Veterinarian Jayne Michelini laughs, saying sometimes little dogs get a pass because they’re cute, and an ornery Chihuahua isn’t as much of a handful as an ornery Labrador retriever.
“People let them get away with it,” she said.
The medication ready, she turns to the towel-wrapped dog.
“Is there a butt in there somewhere?”
The dog is soon asleep and ready for her operation. She was one of many dogs and cats — more than 30 total — that the Mat-Su Borough Animal Care and Regulation Shelter spayed or neutered Tuesday on International Spay Day.
In a room off of the main lobby, a larger, fluffy dog was in the middle of a spay surgery and in another room a third dog was being strapped down for neutering. Across the hall, cats in boxes are waking up, some more disoriented than others. Down the hall, dogs wearing the colloquially known “cones of shame” recuperate.

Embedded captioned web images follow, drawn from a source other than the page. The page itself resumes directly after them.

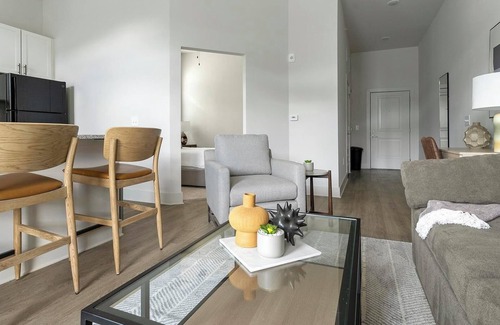 Charlotte Apartment | Landing | Stylish Studio, Pool, Gym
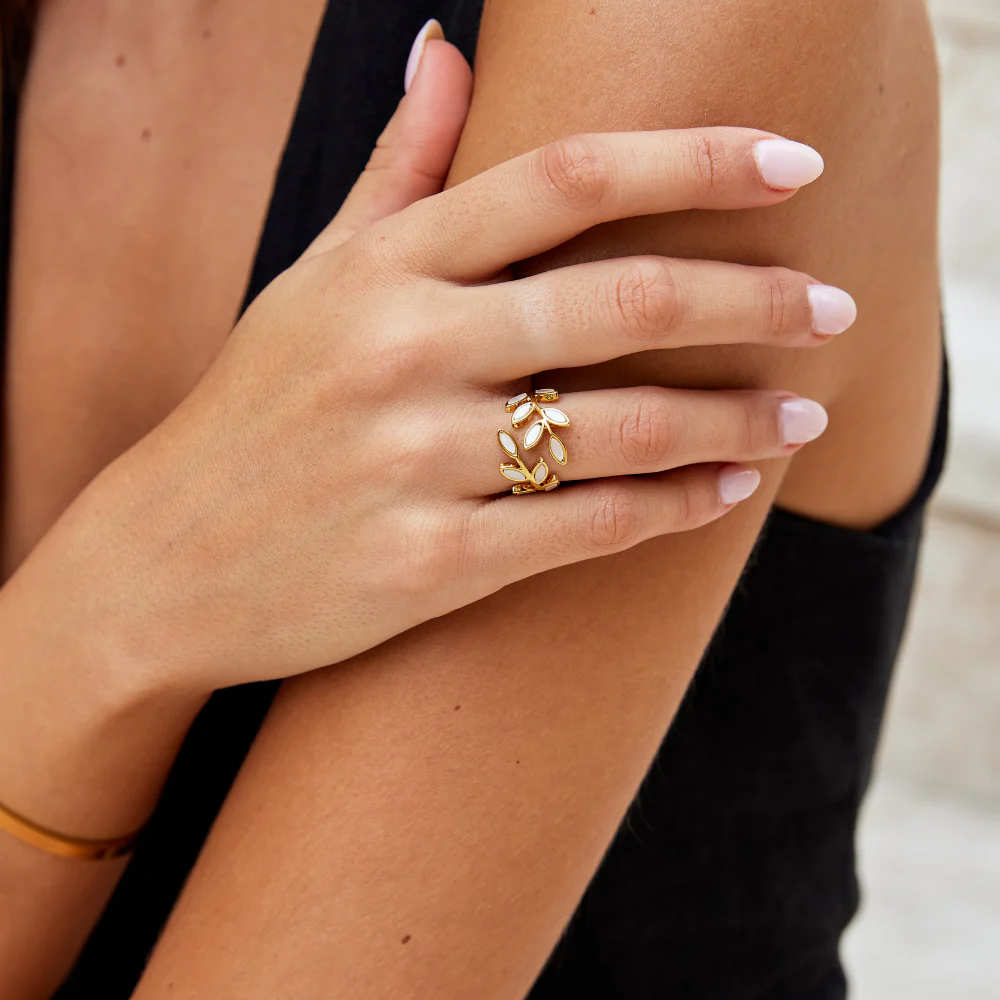 Olga - Goldblatt Ring - Image 7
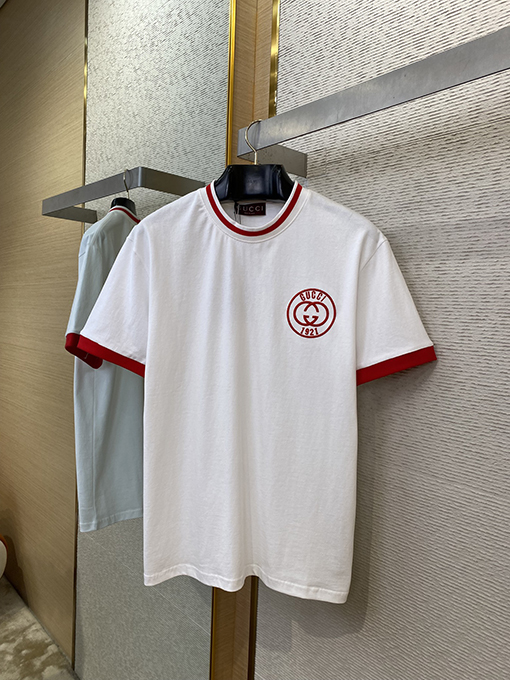 グッチ レディース新しいロゴ半袖Tシャツ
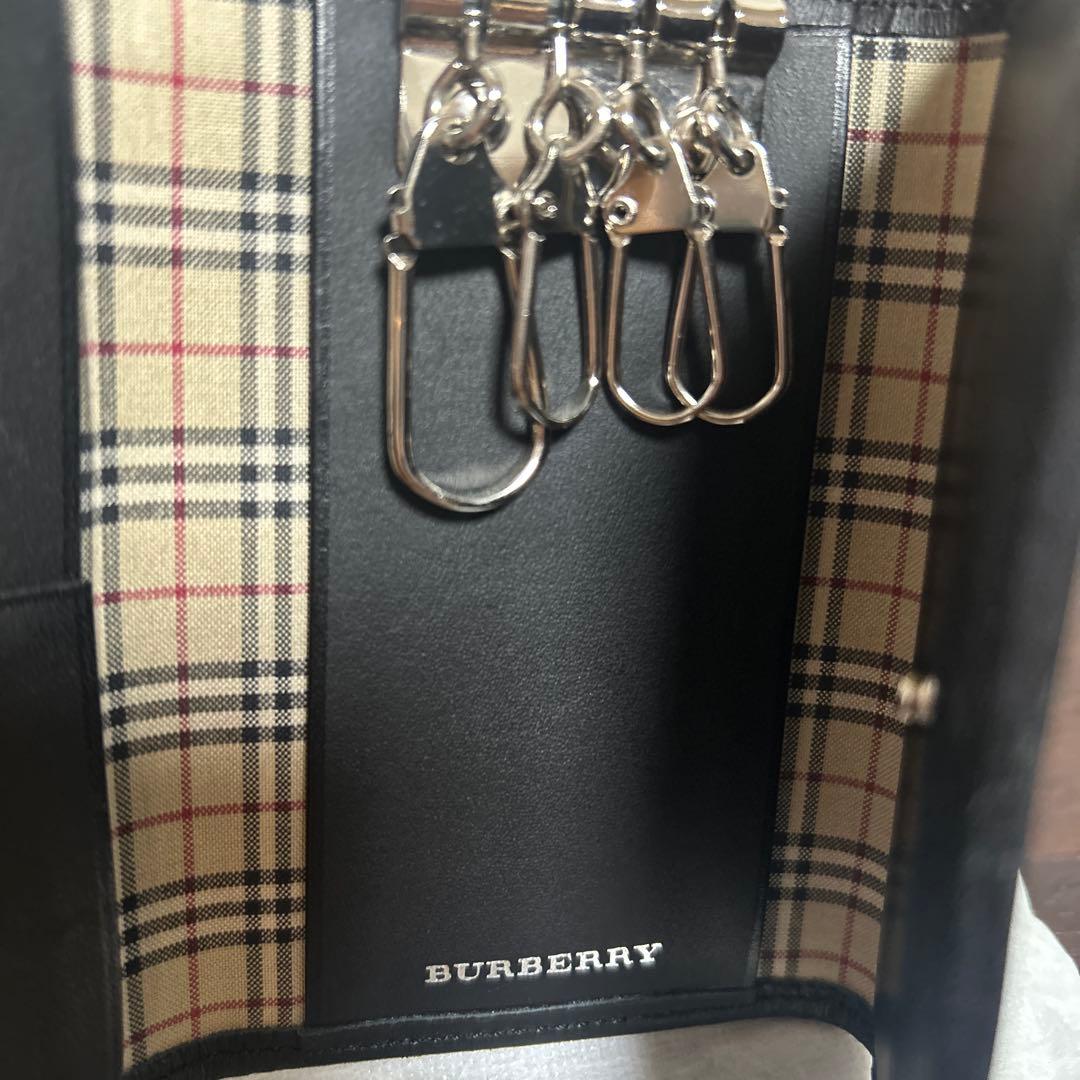 BURBERRY ブラック レザー ／ナイロンキーケース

Shelter volunteer coordinator Susan Fujimoto said mass spaying and neutering events happen a few times a year. She said veterinarians and vet techs all donate their time. They came from Far Country Animal Hospital in Palmer, VCA Alpine Animal Hospital, College Village Animal Clinic and Hillside Pet Clinic in Anchorage, from Talkeetna and from Mat-Su College.
“That’s what’s so cool is that you have vets coming from all over to give their time,” Fujimoto said.
That doesn’t mean such events don’t cost the shelter anything because while the labor is free, the medical supplies are not.
Fujimoto said that the operations were limited only to income-eligible residents. In addition to the operation, each animal received a microchip, a license and a rabies vaccination.
Eventually, she said, the shelter wants to take the show on the road.
“Our goal is to get this summer our Neuter Scooter going,” she said, referring to a mobile spay and neuter van the shelter has, but which it needs funding to staff.